Le città del mondo sono sempre più affollate ma non inclusive, luoghi dove si vive faticosamente con i trasporti ingolfati, i servizi di base non sempre accessibili, dove il vicino di casa è uno sconosciuto, che abbiamo visto, forse per la prima volta, solo quando siamo stati costretti a frequentare i balconi per sfuggire al lockdown.

Agglomerati di palazzi dove la quotidianità è pesante e la solitudine tangibile, dove si vive male ma dove tutti vogliono stare perché la città promette più occasioni di lavoro, crescita economica e sviluppo. Fino al 2009 la popolazione rurale era di gran lunga maggiore di quella urbana. Ormai, invece, vive in città più della metà della popolazione mondiale, ed entro il 2050 si stima che le metropoli del mondo ospiteranno più del 68 per cento degli abitanti della terra.

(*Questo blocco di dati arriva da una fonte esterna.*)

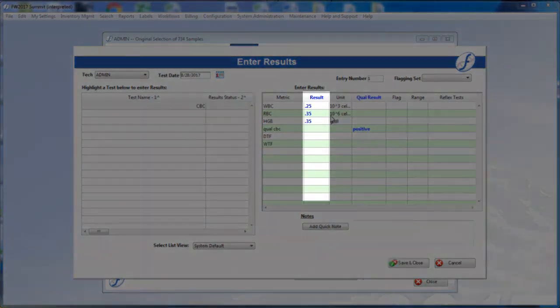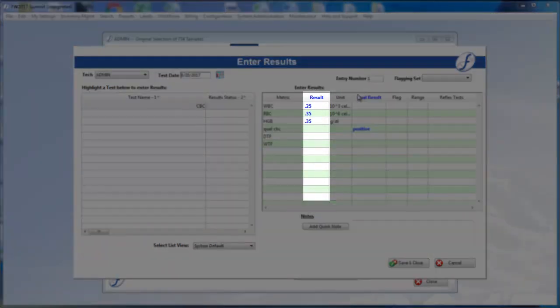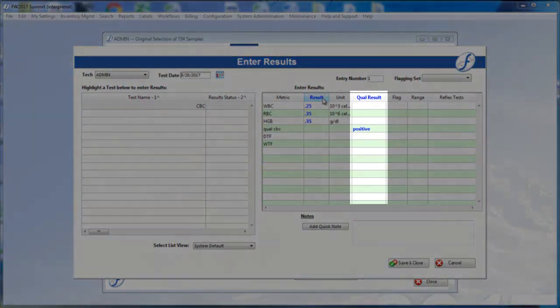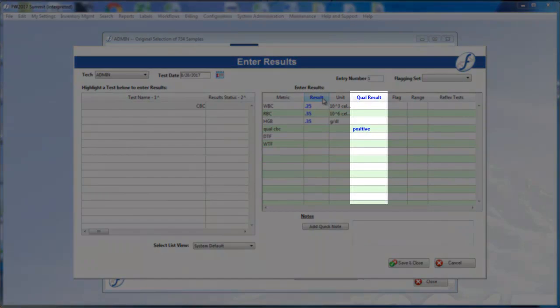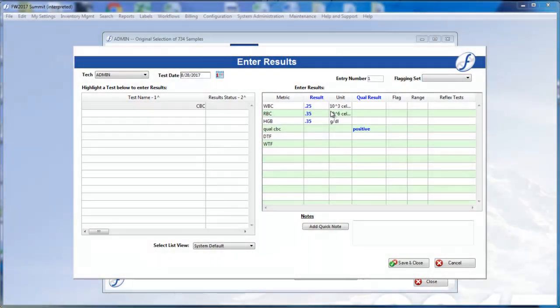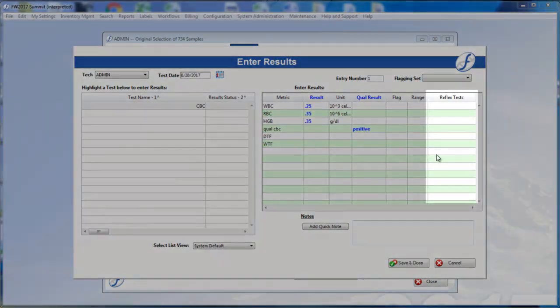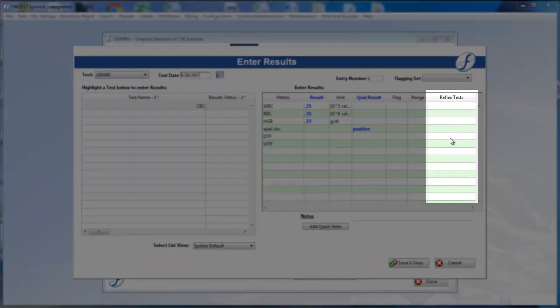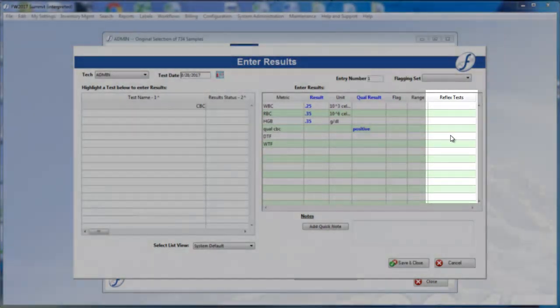The result column is for quantitative results, and the qual result column is for qualitative results. Any reflex tests that get triggered will display in the corresponding column.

Un’urbanizzazione dilagante che si concentra soprattutto in Asia ed Africa, in particolare in Cina, India e Nigeria, che non significa però inclusione sociale, uguaglianza, accesso ai servizi di base, nuove opportunità. Attualmente le città occupano meno del 2 per cento del territorio mondiale ma producono l’80 per cento del prodotto interno lordo e più del 70 per cento delle emissioni di carbonio.

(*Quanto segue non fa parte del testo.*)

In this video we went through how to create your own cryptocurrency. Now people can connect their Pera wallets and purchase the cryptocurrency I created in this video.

A Chongquing, Shangai, Pechino, ma anche ad Istanbul, San Paolo, Lima, Città del Messico, gli abitanti si contano in decine di milioni e il ritmo accelerato dell’urbanizzazione pone sfide importanti per garantire disponibilità di alloggi, infrastrutture e trasporti adeguati. Luoghi in cui il malessere è spesso fonte di conflitti e violenze, dove le periferie accolgono quasi un miliardo di persone, definite dalle statistiche “poveri urbani”, la maggior parte delle quali vive in insediamenti urbani informali. E l’evoluzione demografica che ci si aspetta non gioca a favore del miglioramento delle città, e allontana sempre più il raggiungimento dell’obiettivo 11 dell’Agenda per lo sviluppo sostenibile che mira ad assicurare che «città ed insediamenti umani siano inclusivi, sicuri e resilienti».

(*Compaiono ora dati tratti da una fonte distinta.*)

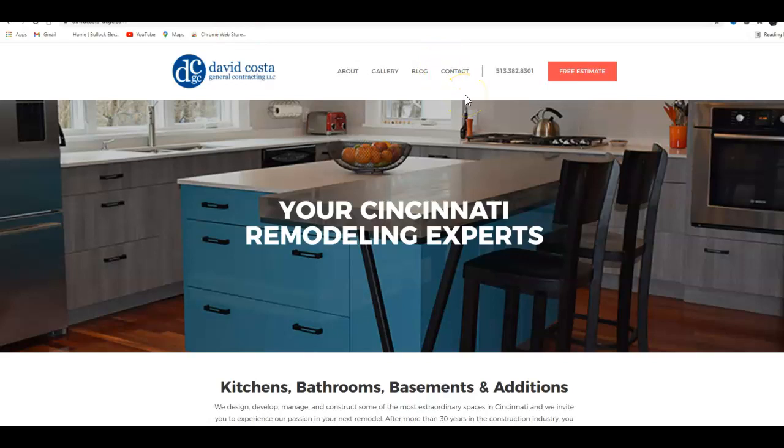This tool is your website and you own it. Instead of renting leads from a Home Advisor or Angie's List and all those people, you could have this website bring in leads for you, and I can show you how to do that.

Le stime fornite dalle Nazioni Unite, rilevano che il numero delle persone che vive sul pianeta crescerà di 2 miliardi entro il 2050 passando da 7,7 miliardi a 9,7 miliardi per raggiungere gli 11 miliardi entro la fine del secolo. In questo lasso di tempo è previsto che la popolazione mondiale diventi sempre più urbana e che il numero di persone di età superiore ai 65 anni continui a crescere in maniera esponenziale. Nel 2018 per la prima volta il numero di anziani nel mondo ha superato quello dei bambini e nel 2050 supererà anche quello degli adolescenti (15-24 anni) con un aumento delle difficoltà di assistenza e di cura. Europa e Asia Orientale hanno già notevoli problemi nell’assistenza agli anziani e con l’aumento dell’aspettativa di vita queste difficoltà cresceranno. Le città dovranno dunque adattare i loro sistemi di salute e protezione sociale per fornire servizi adeguati e una rete di sicurezza pubblica per queste fasce d’età.

Dunque è comprensibile quanto sia importante che l’urbanizzazione venga gestita efficacemente dai governi. Per questo l’Onu, il 31 ottobre di ogni anno celebra la Giornata mondiale delle città per sensibilizzare le comunità all’importanza di programmare la crescita delle nostre metropoli, per favorire l’inclusione, garantire le stesse opportunità per tutti, l’innovazione e il benessere. In questa giornata le Nazioni Unite invitano allo scambio di esperienze per migliorare i sistemi urbani, imparare gli uni dagli altri al fine di accelerare la transizione verso città che assicurino l’accesso dei cittadini ai servizi essenziali gestendo le risorse con oculatezza e producendo il minimo di rifiuti.

Man mano che le dimensioni delle città esistenti cresceranno e ne nasceranno di nuove, il consumo di beni aumenterà ancora più velocemente. Si tratta dunque di impegnarsi in una sfida enorme di fronte alla scarsità di risorse e all’intensificarsi dei problemi ambientali, tra cui l’inquinamento e il cambiamento climatico. Di lavorare a livello globale per realizzare centri urbani più a misura d’uomo, risparmiando asfalto e cemento, con inferiori consumi di elettricità e acqua, che invoglino ad una mobilità “morbida”, come camminare e andare in bicicletta, e ad un uso più intensivo degli spazi pubblici.